Output the records precisely as they stand. Pictures are to be skipped.

Saved entries:
━━━━━━

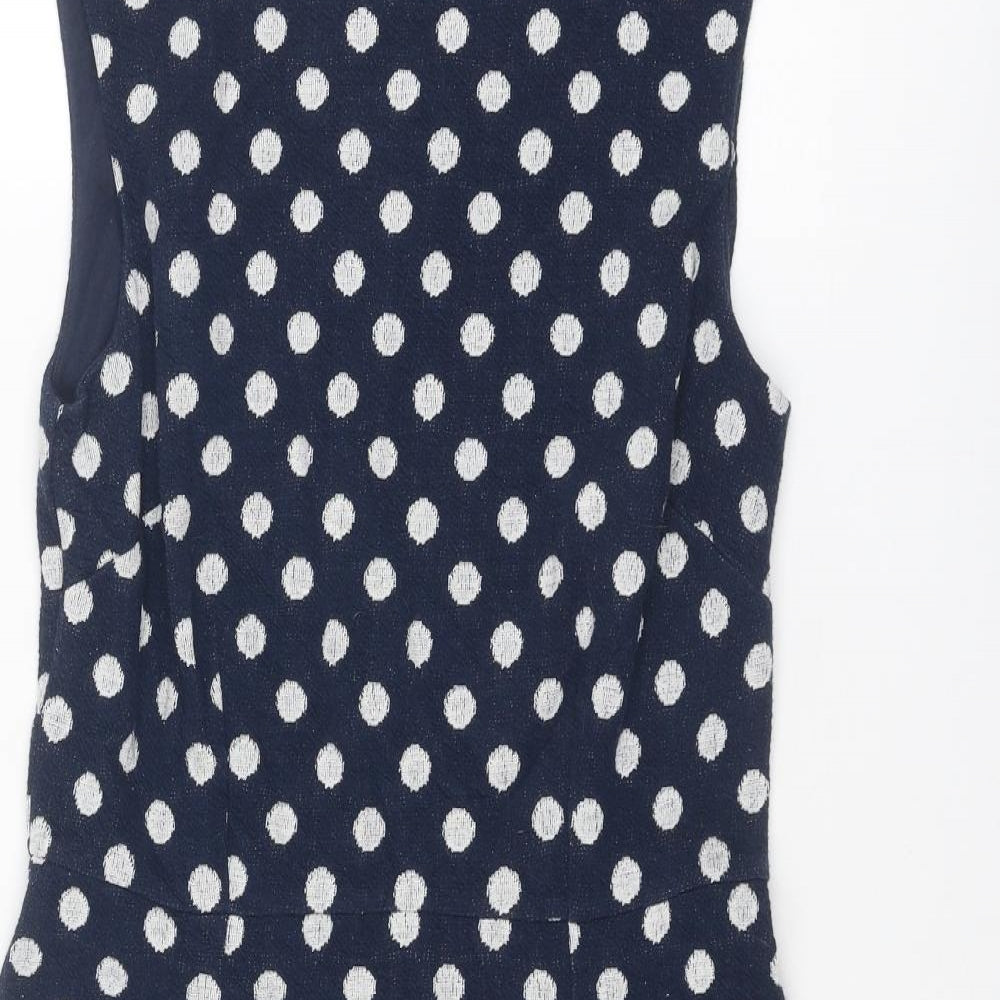 White Stuff Womens Blue Polka Dot Cotton Tank Dress Size 10 Round Neck Pullover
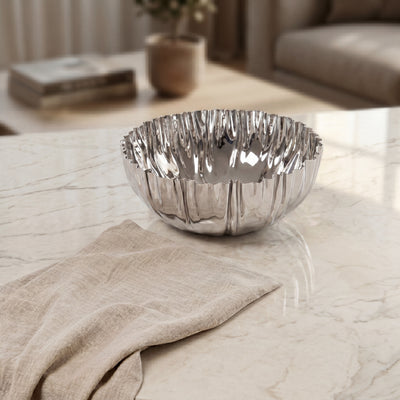 Round silver metal serving bowl - Large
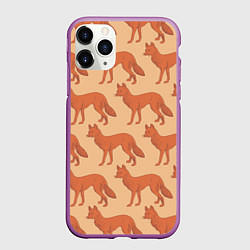 Чехол iPhone 11 Pro матовый Лисья стая, цвет: 3D-фиолетовый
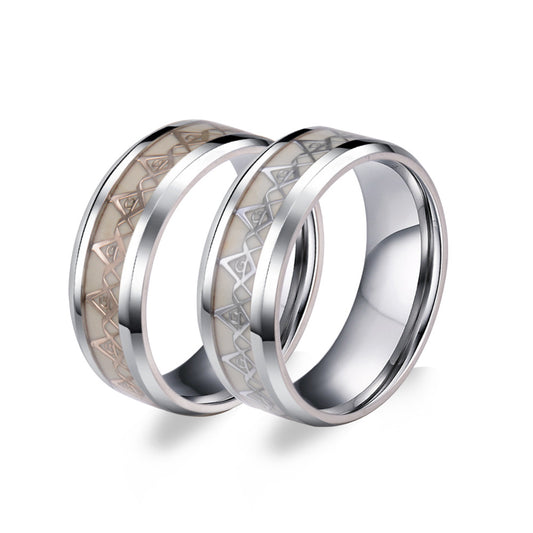 Stainless Steel Masonic Luminous Ring – Church Fluorescent Men's – Stainless Steel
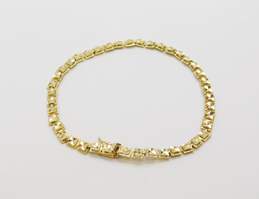 Fancy 14k Yellow Gold Diamond Cut Panel Link Bracelet 4.5g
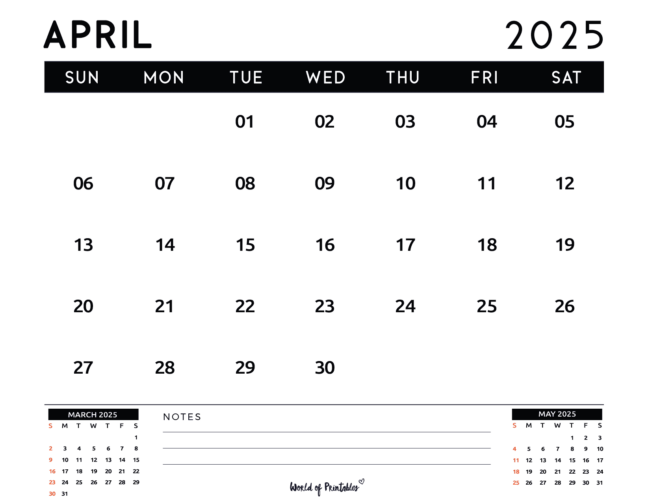 April 2025 Calendar With Small Calendar Preview for Following Month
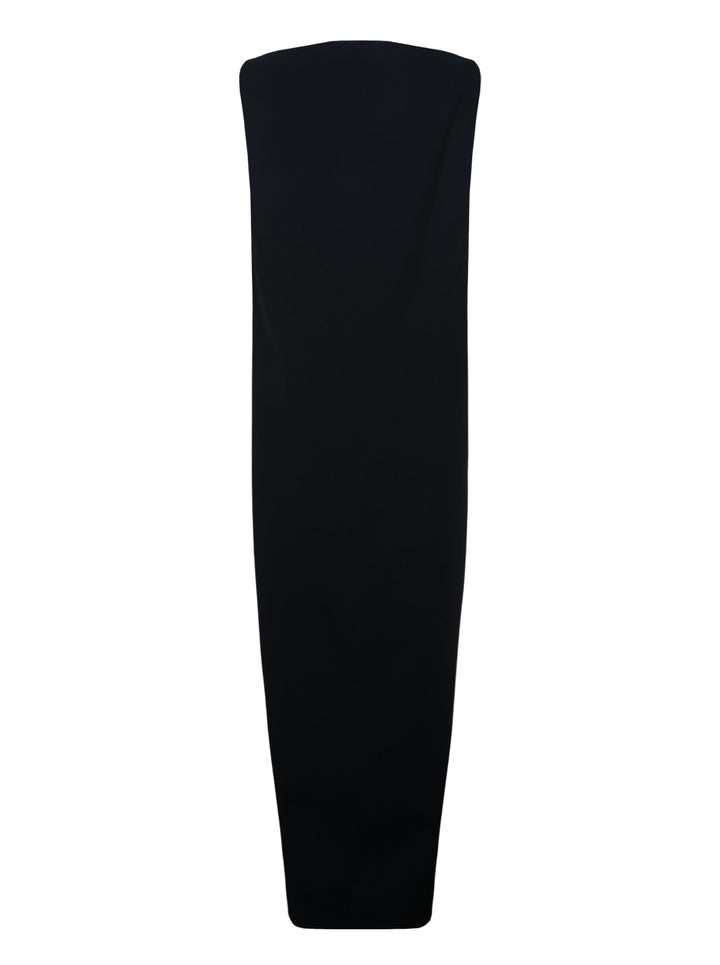 Jil Sander black strapless top with structured bodice, column silhouette, and double split hem detail, shown front-facing on white background - view 2
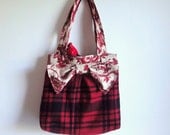 Upcycled Purse with Bow, Red Floral and Tartan Tote, Eco-friendly Wool Shoulder Bag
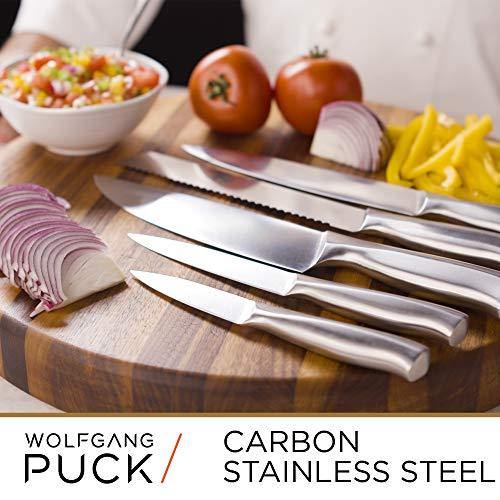 Wolfgang Puck 6-Piece Fully-Forged Stainless Steel Knife Set with Knife Block - JOY2ESpree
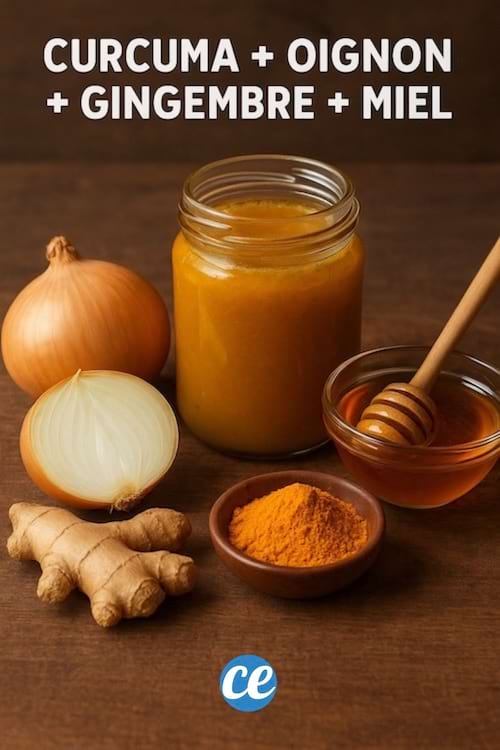 du curcuma, des oignons, du miel et du gingrembre pour un remède maison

━━━━━━

* _Answer space_
 White Stuff Womens Blue Polka Dot Cotton Tank Dress Size 10 Round Neck Pullover
 Round silver metal serving bowl - Large
 Чехол iPhone 11 Pro матовый Лисья стая, цвет: 3D-фиолетовый
 Stainless Steel Masonic Luminous Ring – Church Fluorescent Men's – Stainless Steel
 Fancy 14k Yellow Gold Diamond Cut Panel Link Bracelet 4.5g
 April 2025 Calendar With Small Calendar Preview for Following Month
 Jil Sander black strapless top with structured bodice, column silhouette, and double split hem detail, shown front-facing on white background - view 2
 Upcycled Purse with Bow, Red Floral and Tartan Tote, Eco-friendly Wool Shoulder Bag
 Wolfgang Puck 6-Piece Fully-Forged Stainless Steel Knife Set with Knife Block - JOY2ESpree
 du curcuma, des oignons, du miel et du gingrembre pour un remède maison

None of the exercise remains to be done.